This is a statistics from RIPE itself, which shows that, apparently, there is a huge increase in the overall number of LIRs, so the sum of those two graphs, and probably these ‑‑ this increase cannot be attributed to just, say, an increase in traditional ISP business within Europe.
One might ask why do those organisations chose the path to become an LIR instead of choosing ‑‑ applying for PI space. I won't go through this in detail. I suggest you read this. You might use a translator to translate it. There is some element of ridiculousness in this answer, which was given by Deutsche Telekom, sorry for that Ruediger, to a customer actually asking to become ‑‑ to apply for PI space through the sponsoring LIR.
That said, there is another thing that should be kept in mind, that is the practice of strict filtering as initially described by Gert. I am not sure if he is happy today that he still attributed his name with this practice. The point is, probably everybody in the room is more or less familiar with this approach. Like, if there is route announcements from PA space, it should be covering aggregate and not more specifics. If it's more specifics filtering either by checking the, say, RIPE database or by say prefix length of a certain number.
So, why does strict filtering exist? Safe TK memory and keep ‑‑ the whole aggregating discussion.

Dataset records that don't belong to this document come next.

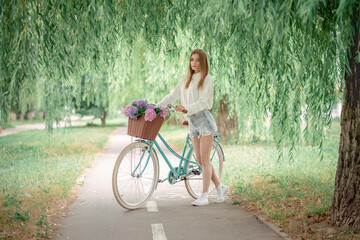 beautiful fair-haired girl on a bicycle with flowers. Hydrangeas. Nature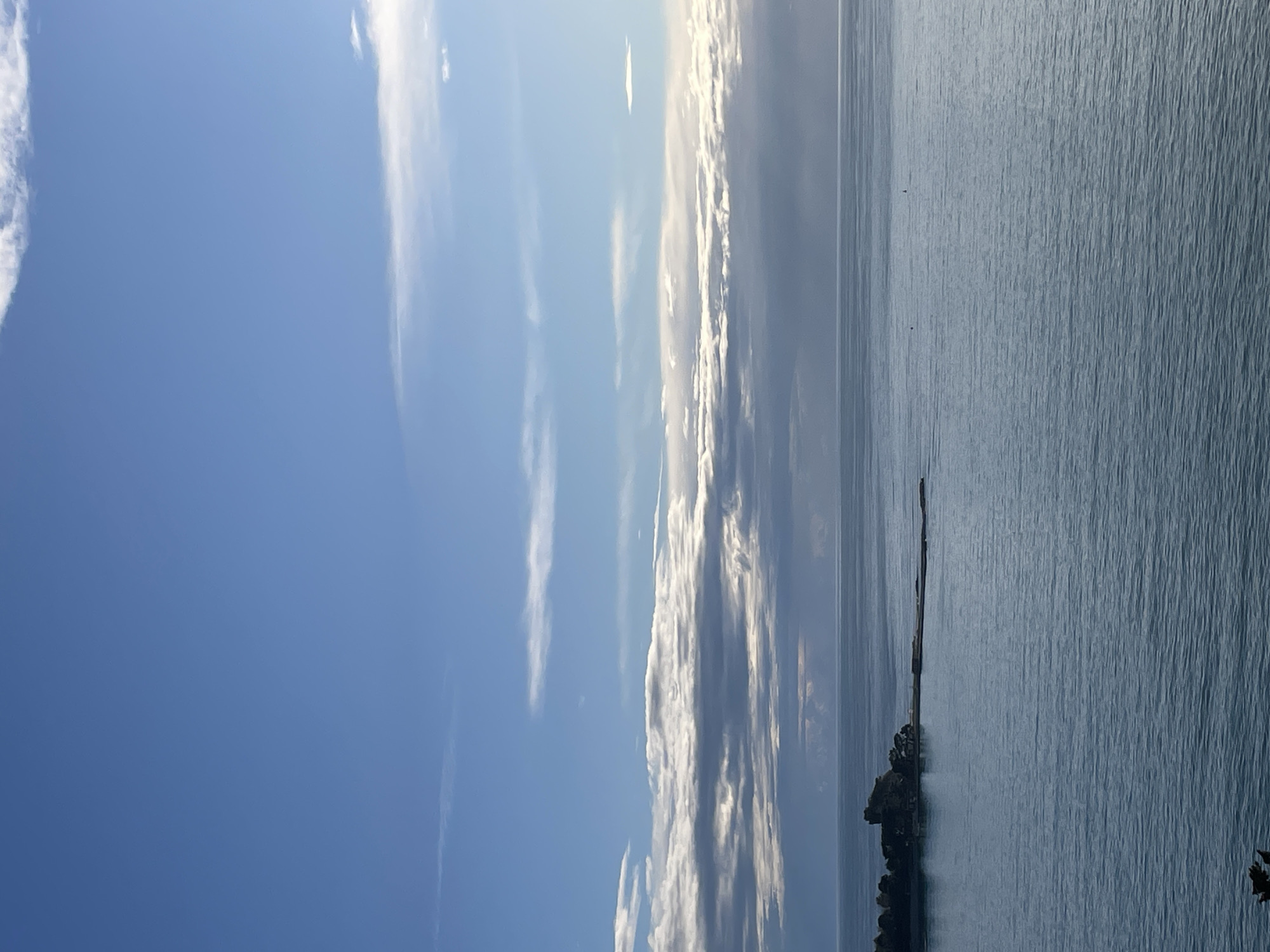 The image displays a seascape captured in Budva, Montenegro, looking towards Sveti Nikola Island. The scene is dominated by a blue sky with horizontal bands of white and grey stratocumulus clouds, thicker and darker towards the horizon line on the right, and thinner, scattered cirrus-like clouds higher up. The upper portion of the sky is clear blue.
The middle and lower sections of the frame show the calm, rippled surface of the sea, appearing blue-grey under the sky's light. On the left side, Sveti Nikola Island is visible, characterized by dark, rocky formations covered with dense, dark green vegetation, consistent with trees or shrubs. A long, narrow, dark grey landmass or causeway extends from the island's eastern side into the sea, stretching towards the center-right of the frame. Two small, dark, cylindrical buoys are present in the open water in the mid-distance, positioned towards the right of the frame. No individuals, animals, or active interactions are visible. The overall lighting suggests daylight conditions.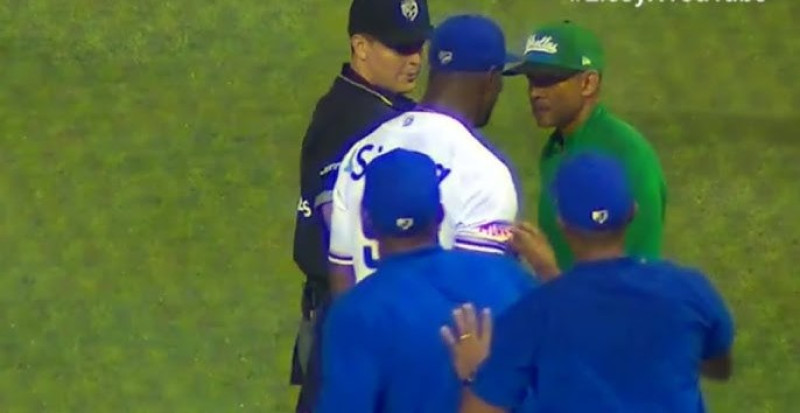 Radhames Liz, lanzador del Licey al momento de interpelar a Fernando tatis, dirigente de las Estrellas, quien había reclamado que el pitcher tenía una manga rasgada en su camiseta.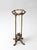 Antique cast iron plant stand with a tall, narrow profile featuring twisted uprights, an ornate scrolled base, and a...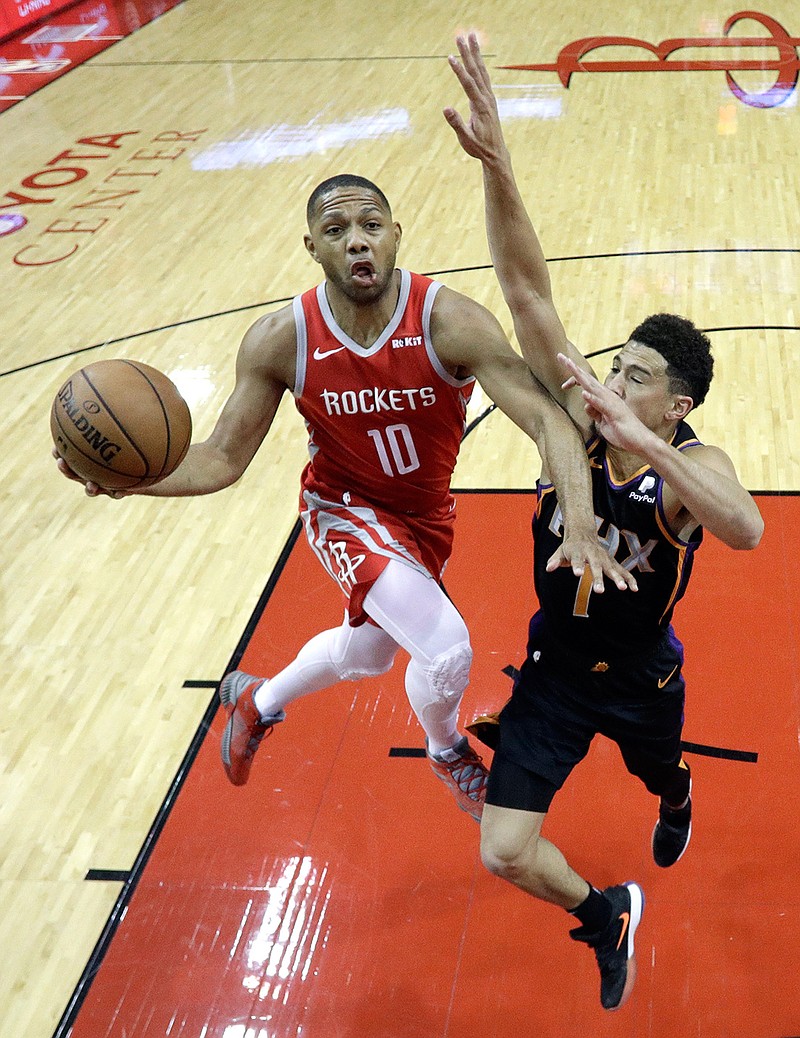 Houston Rockets' Eric Gordon (10) goes up for a shot as Phoenix Suns' Devin Booker (1) defends during the first half of an NBA basketball game Friday, March 15, 2019, in Houston. (AP Photo/David J. Phillip)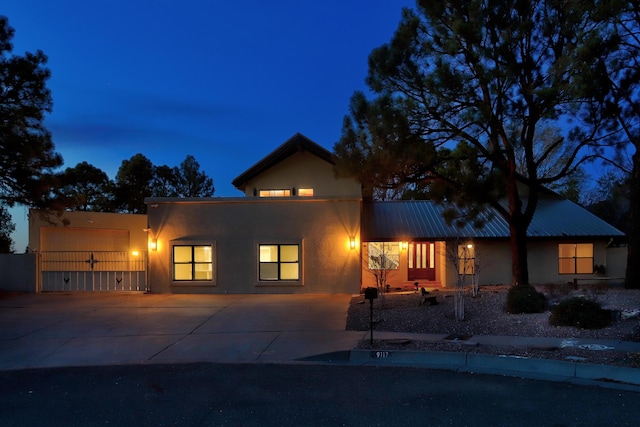 view of front of property with stucco siding and metal roof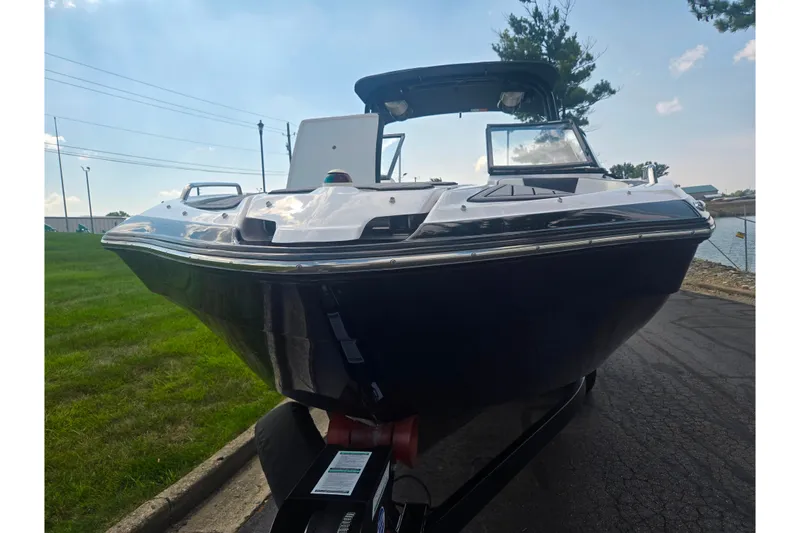 Slide: The Image of 2016 Yamaha Boats AR240 on trailer, parked near water, under clear blue sky. - 6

So the question does strict filtering actually happen and does it hurt some players in the overall ecosystem, and unfortunately, yes, that is the case; I will give two quick case studies. Both have been ‑‑ I have been involved in both cases. Both organisations have authorised me discussing these studies here. I won't give the carrier names involved but I will provide some details on organisations. The first one Burda media. These numbers on the slide they are there for simple reason to illustrate these are huge organisations; it's not like running into some routing problems, huge organisations having real problems with real routing in real world and Burda, they have a through Germany, three main POPs, network hubs, data centres, whatever. Each of those is multihomed, has own AS number and there is a stated firewalls for each of those. Once they started their IPv6 deployment, which for a media organisation is, say they have a certain need to start maybe IPv6 deployment soon, which they did in 2011 and they were asking should we become an LIR or not. They decided to do so. And so they were allocated a /32 which they split into three pieces of a/34 each, and I already mentioned they were ‑ firewalls, an interest of sigh metric flow. If traffic leaves one of their three main POPs, each allocated a/34, traffic should come back the same way, same path. What happened this?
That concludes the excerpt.